Photo by Stephen B. Morton-Pool/Getty Images

“To be perfectly honest with you, if I could have gotten a shot at the guy, I’d have shot him myself,” Gregory McMichael said, according to a transcript of Brandenberry’s body-camera footage from the day that he read out in court.

Ronald Carlson, a professor in the University of Georgia School of Law, said there were several major testimonial points in the trial that aided a prosecutorial win—one being the two Glynn County police officers who showed the willingness of the McMichaels to fire their firearms at Arbery.

“Hearing that Gregory McMichael was also willing to shoot at Arbery if need be kind of blows the defense’s argument that a legal weapon was only used as a last resort,” Carlson told The Daily Beast.

After the incident, Travis McMichael told jurors that while he was “nervous” while he was being interviewed by police, he never thought he would go to jail for killing Arbery because he was simply “going through an investigation.”

“I just killed a man.
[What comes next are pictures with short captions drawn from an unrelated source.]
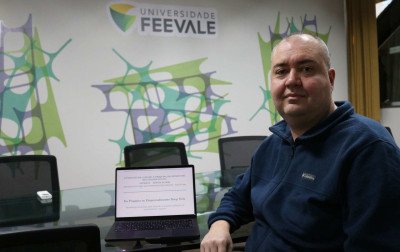 Pesquisas acadêmicas devem virar start ups deep tech em projeto da Universidade Feevale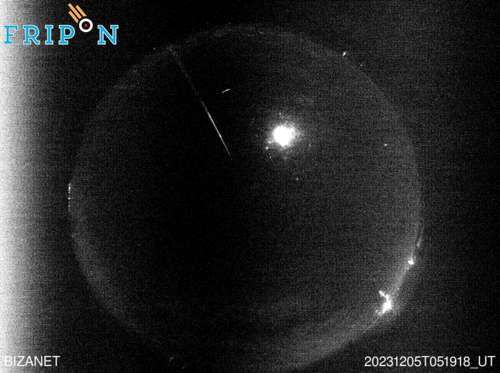 Full size image detection Bizanet (FRLR07) 2023-12-05 05:19:18 Universal Time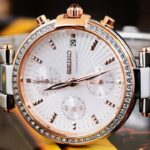 Seiko 36mm Nữ SNDV44 - Ảnh 3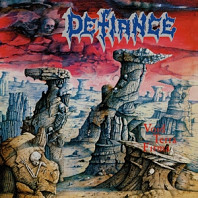 Defiance (10) - Void Terra Firma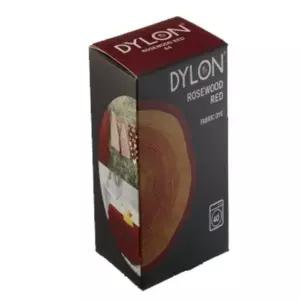 다이론 페브릭다이 64 드럼세탁기용 로즈우드레드/350g/200g (1개)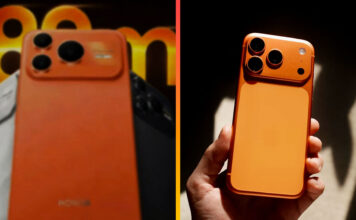 Honor Power 2: Obrovská batéria v tele iPhonu 17 Pro? Nerobíme si srandu! Honor iPhone 17 Pro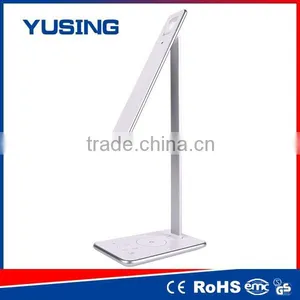 2016 Topdesign Modern Table Lights Touch Led Desk Lamp Aluminum For Children thumbnail-2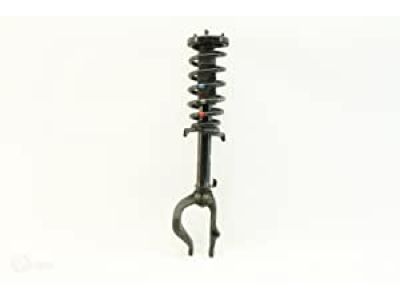 Honda 51610-TA0-A04 Shock Absorber Assembly, Right Front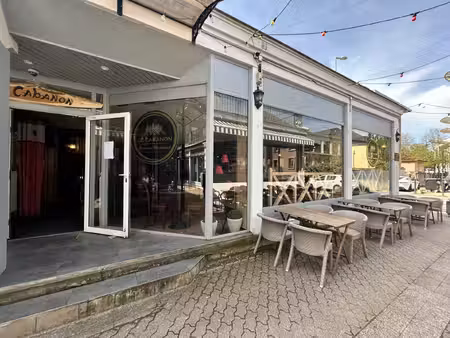 murs restaurant à saint-dié-des-vosges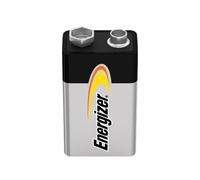 Baterías Industriales Energizer® 9V (Paquete De 12) ENGIND9V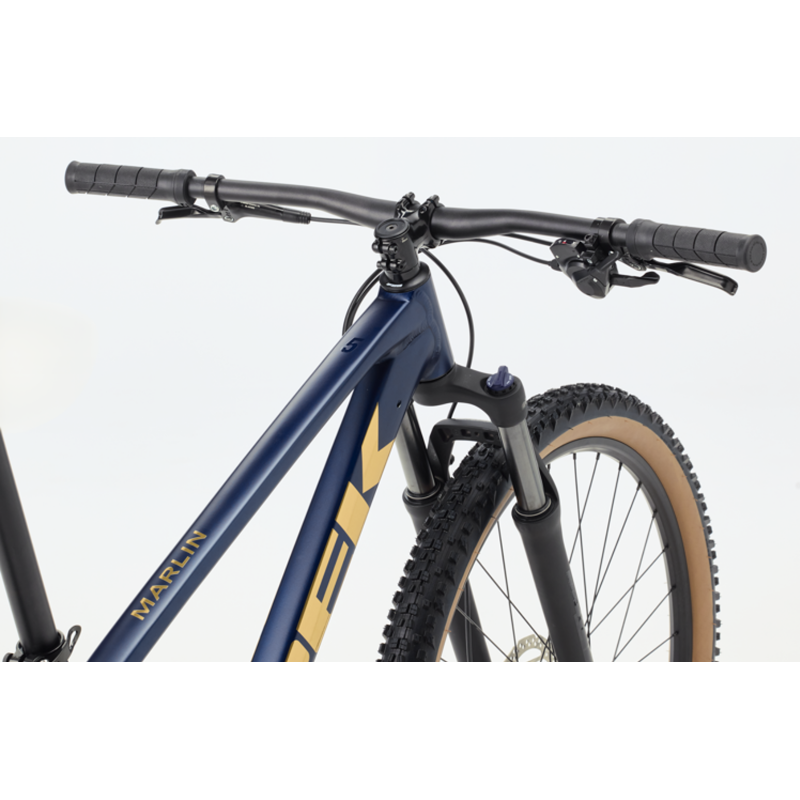Trek Marlin 5 Gen 3 Mulsanne Blue 2026
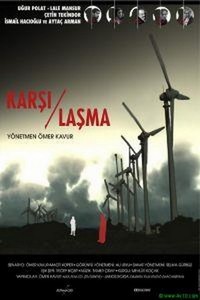 Karsilasma (2003) - poster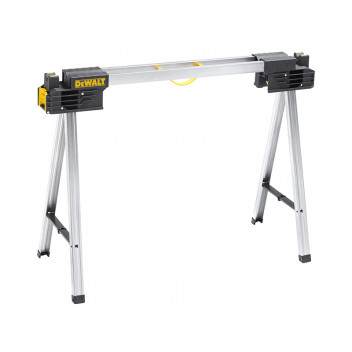 DEWALT DWST1-75676 Full Metal Sawhorse (Twin Pack)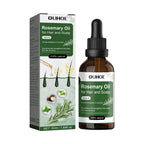 Rosemary Hair Growth Oil 50ML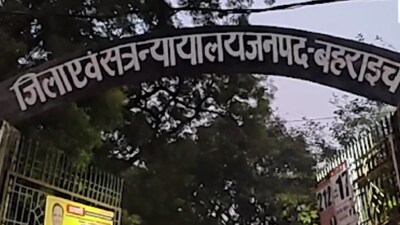 The court had convicted the 10 accused on December 9. 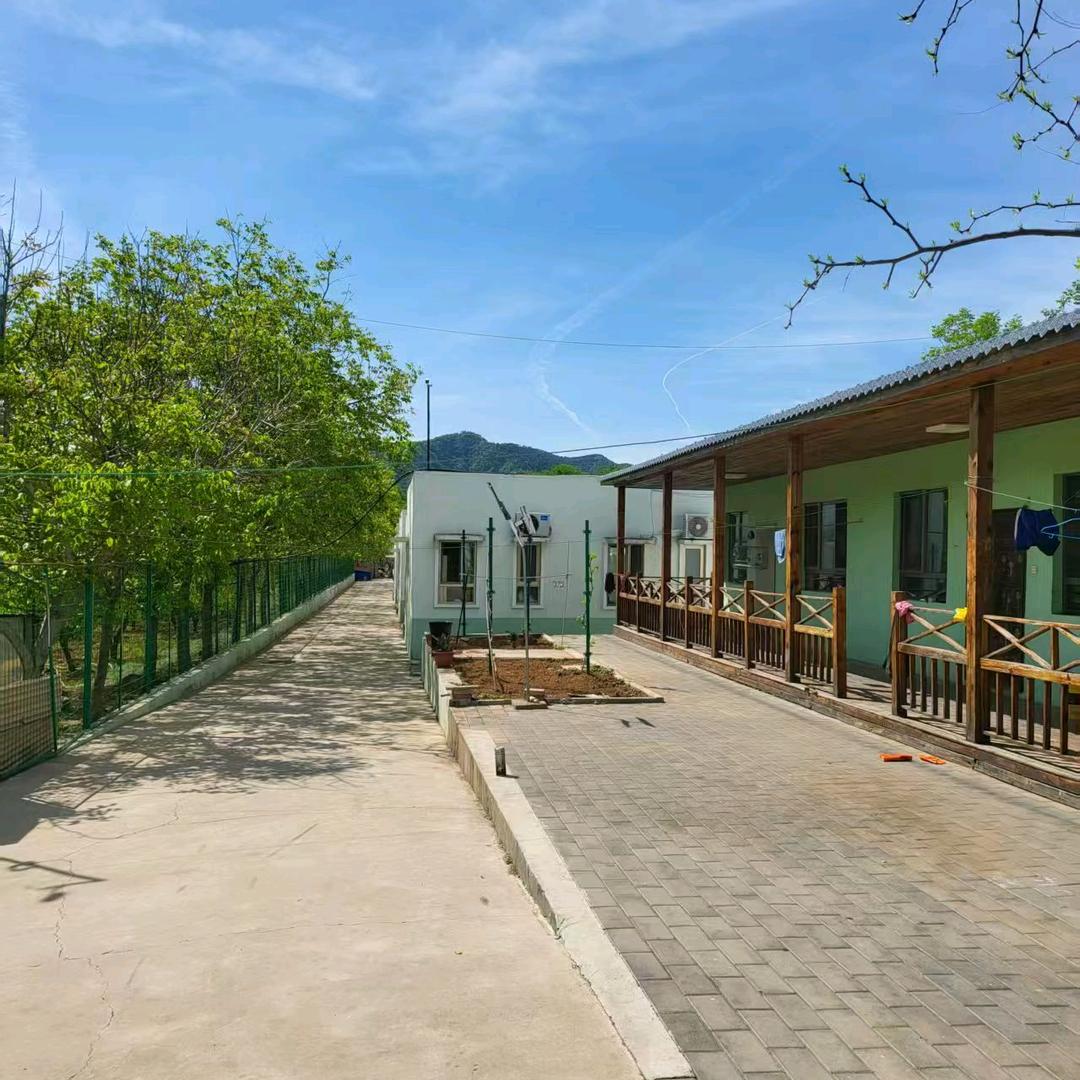 久别思乡，岁月漫長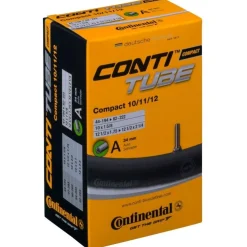 Cpct10 44-62 Bike Tube Junior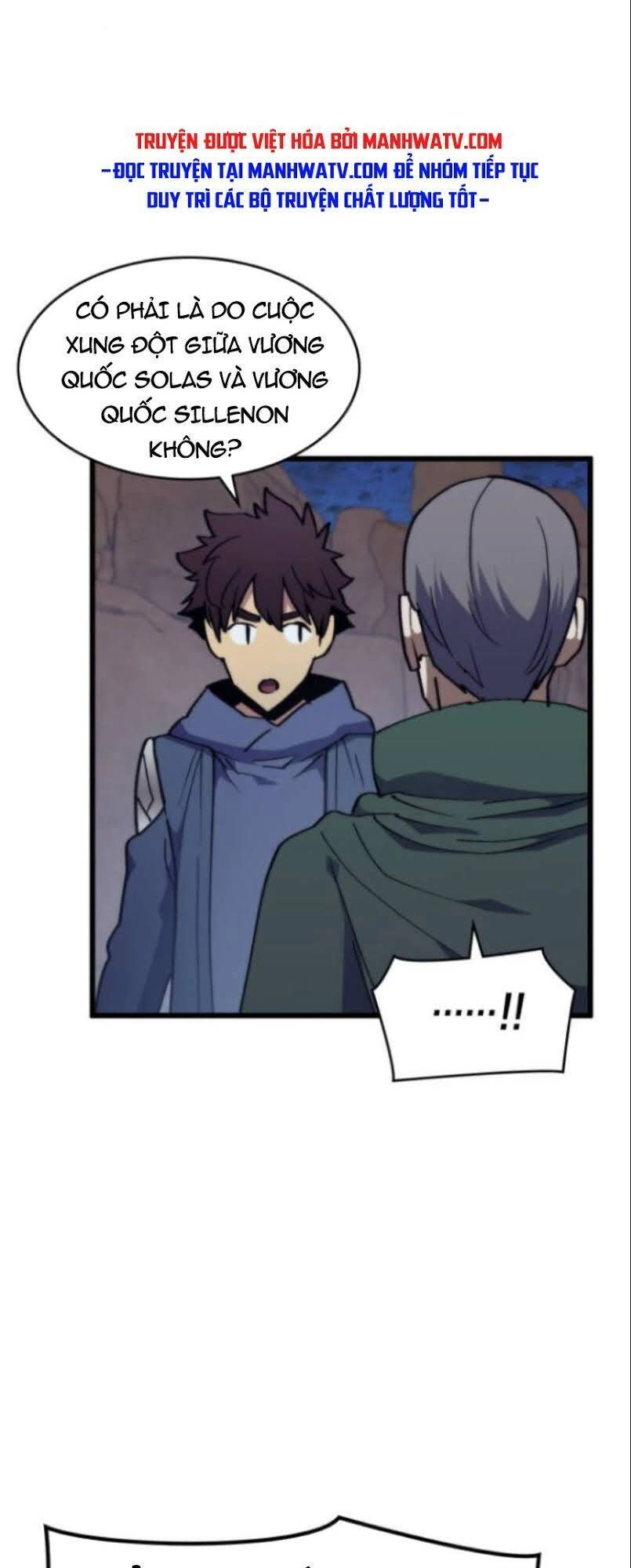 Pháp Sư Từ Thế Giới Khác Chapter 65 - 42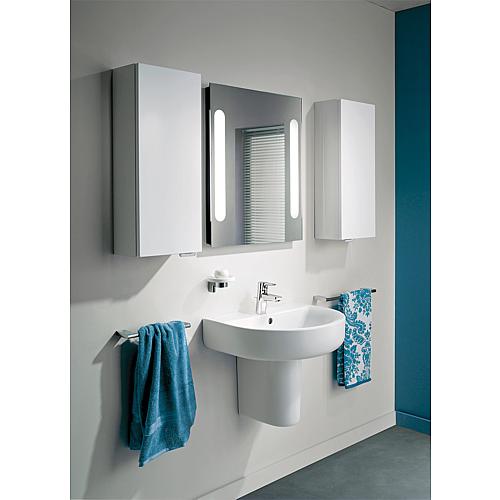 Mitigeur lavabo Connect Blue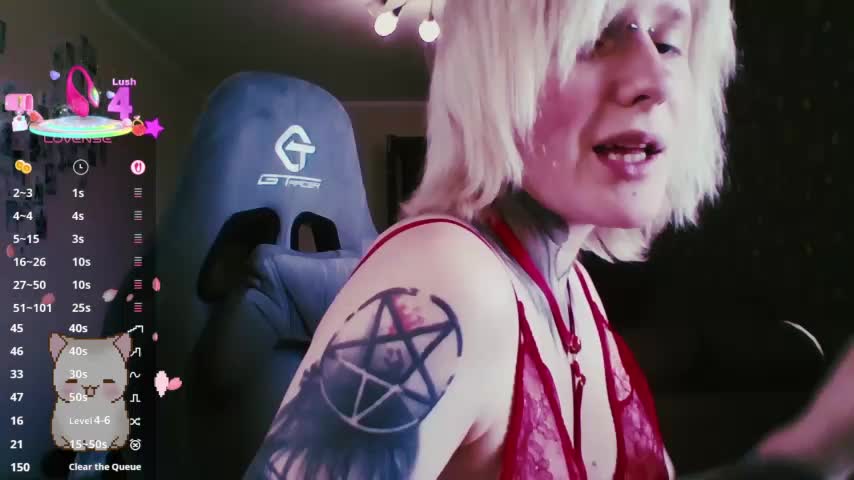 Schaherezada Adult Chat August 7, 2025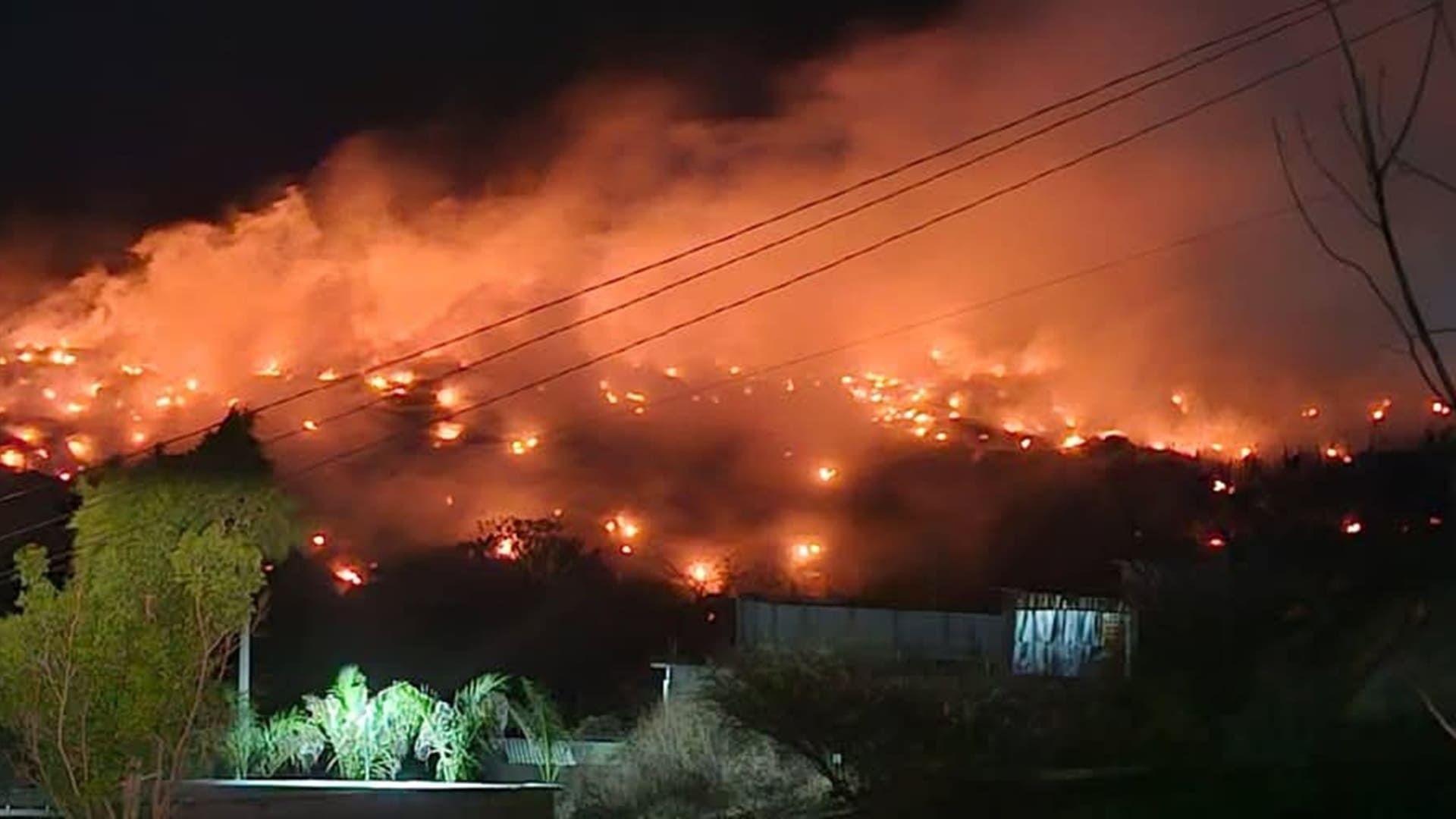 Hay 300 basureros clandestinos en Oaxaca, admite Procuraduría Ambiental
I had blood on me still. It was the most traumatic event of my life. I was scared to death,” McMichael said. “This was the most traumatic event I’ve been through in my life.”

If the killing was traumatic for the white men behind it, that didn’t stop them from moving quickly to shore up their defense: One of Gregory McMichael’s first calls after the shooting, prosecutors say, was to Brunswick District Attorney Jackie Johnson, where he left a voicemail seeking advice.

While it was not clear whether Johnson called him back, the former DA recused herself from the investigation on Feb. 27, 2020, when she revealed that Gregory had been a longtime investigator for her office. At the time, Johnson referred the case to Waycross District Attorney George E. Barnhill.

In early April 2020, Barnhill recused himself as well, noting in a letter that his son worked in Johnson’s office, and had even worked with Gregory McMichael on a prosecution involving Arbery.

But before completely relinquishing control of the case, Barnhill wrote a letter to the Glynn County Police Department arguing that there was “insufficient probable cause to issue arrest warrants” for Bryan and the McMichaels.

The letter detailed the DA’s reasoning against prosecution, stating that it appeared the trio’s intent “was to stop and hold” a burglary suspect until law enforcement arrived, and their citizen’s arrest actions were “perfectly legal” under Georgia law. Barnhill added that Travis McMichael and his father were within their rights to carry their firearms that day under Georgia’s open-carry law—and that the scuffle between the younger McMichael and Arbery gave him grounds “to use deadly force to protect himself” under state law.

Johnson, who lost her re-election bid in 2020, has since been indicted on charges of violating her oath as a public officer and obstructing a police officer for how she handled the episode.

As small groups mingled and discussed the verdict outside the courthouse Wednesday, the historical significance of the case was inescapable.

“My grandson used to run with Ahmaud. They were best friends. That could have been him,” Gina Pyles, 59, of Brunswick told The Daily Beast.

“At some point,” she added, “people have to stop seeing people as a threat because of the color of their skin.”